Using the data that follows, output only the lines from the line with "Рулонный газон с доставкой и укладкой" up to and including the line with "-碧桂园空港凤凰酒店(广州新白云机场店)", exactly, leaving pictures aside.

* [Information given]:

....

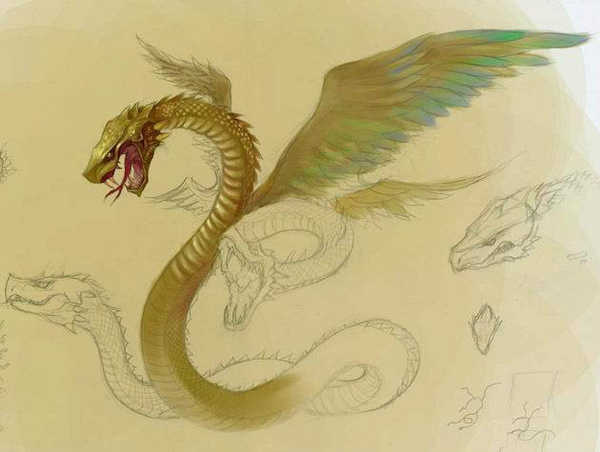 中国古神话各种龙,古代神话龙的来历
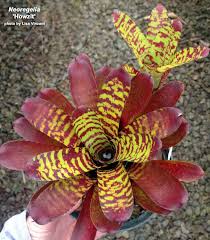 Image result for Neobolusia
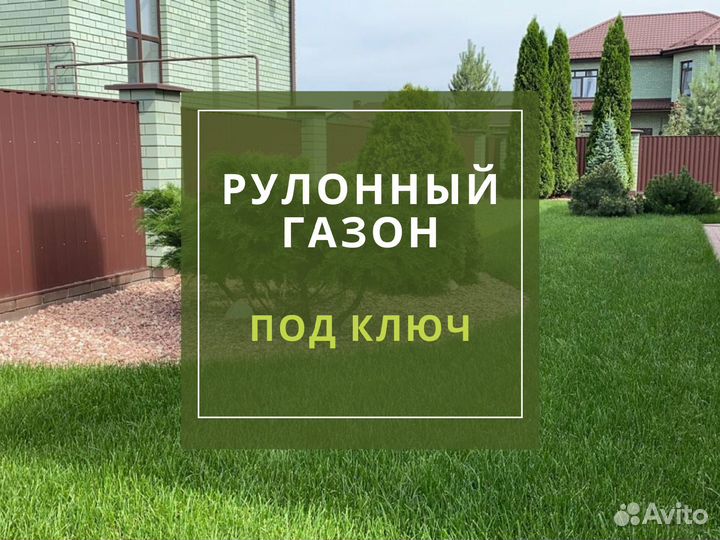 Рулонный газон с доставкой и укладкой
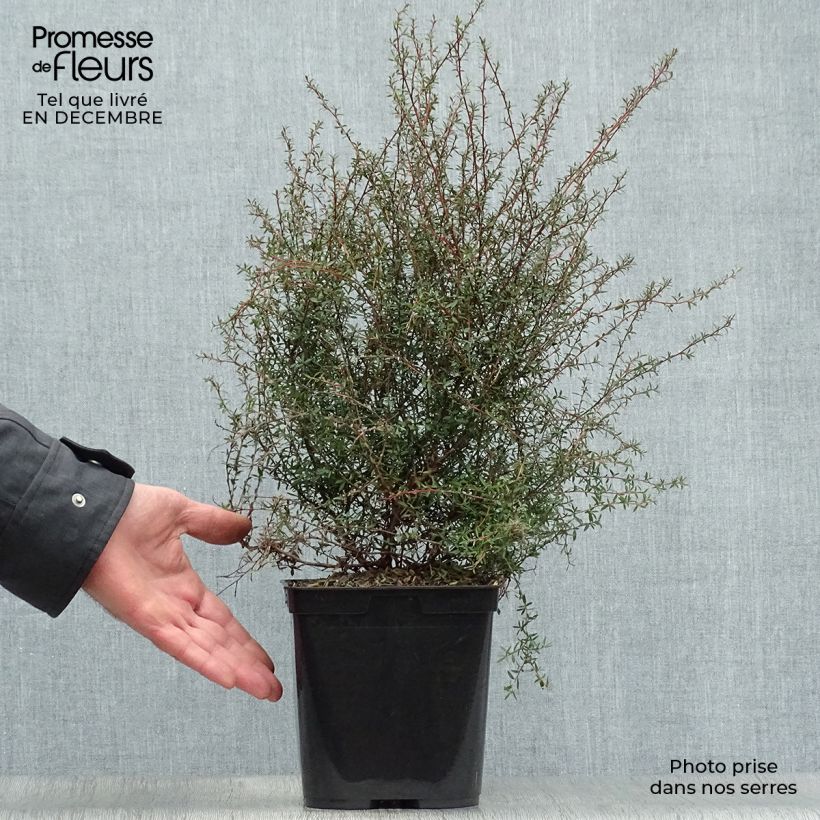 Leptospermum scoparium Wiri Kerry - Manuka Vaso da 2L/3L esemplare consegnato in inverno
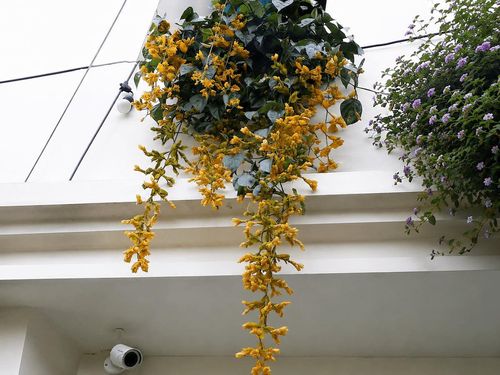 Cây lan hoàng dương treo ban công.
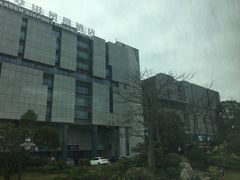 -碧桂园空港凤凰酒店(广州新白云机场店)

....

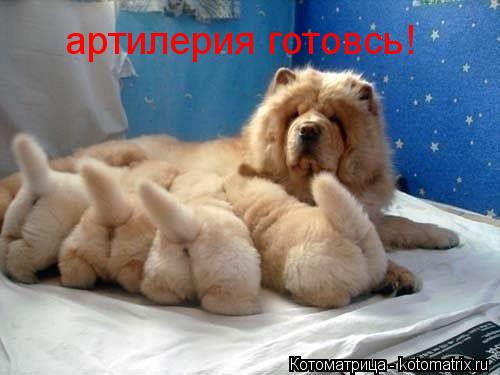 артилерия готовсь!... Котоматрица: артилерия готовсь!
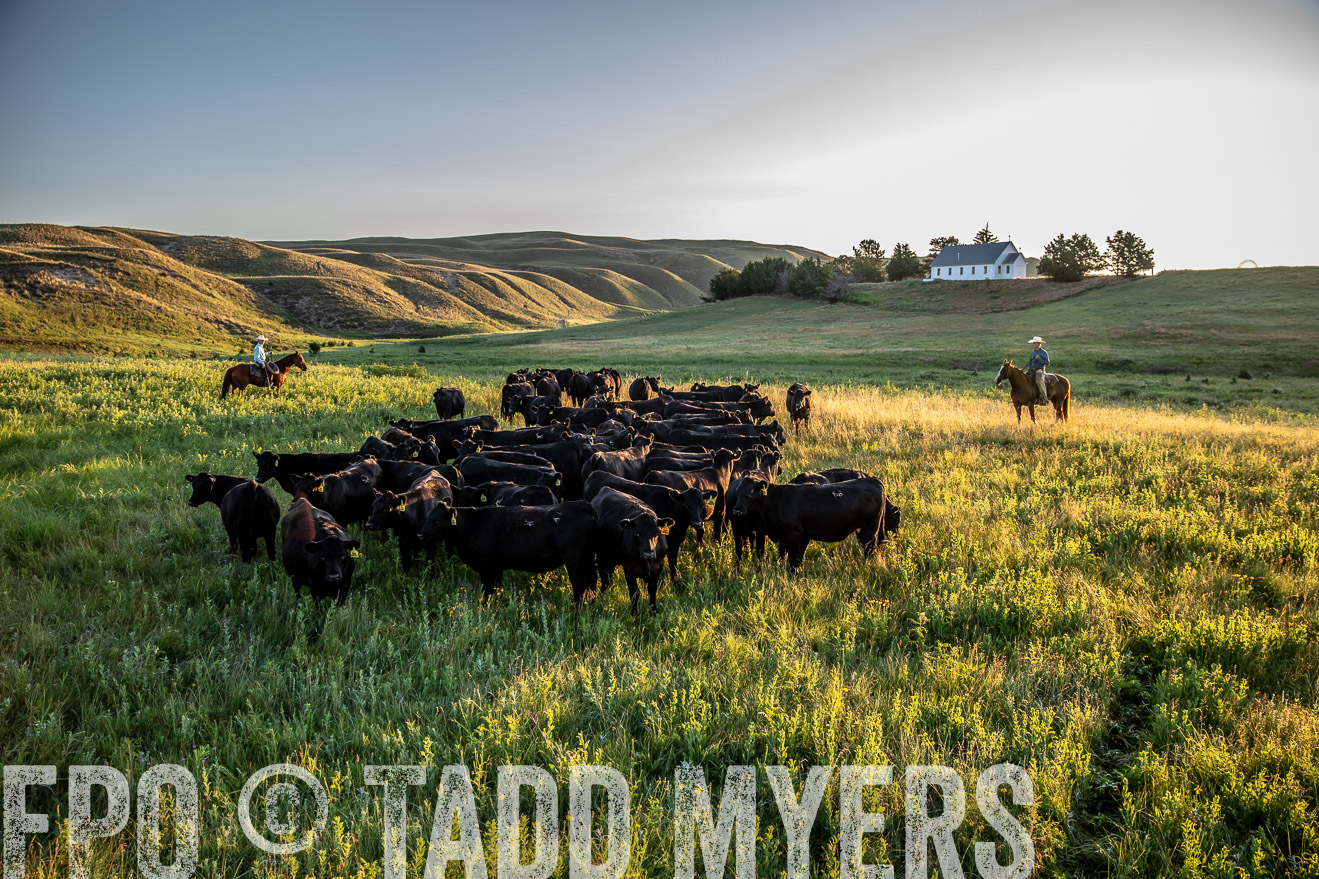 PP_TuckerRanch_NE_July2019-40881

....

* [Reply]:
 Рулонный газон с доставкой и укладкой
 Leptospermum scoparium Wiri Kerry - Manuka Vaso da 2L/3L esemplare consegnato in inverno
 Cây lan hoàng dương treo ban công.
 -碧桂园空港凤凰酒店(广州新白云机场店)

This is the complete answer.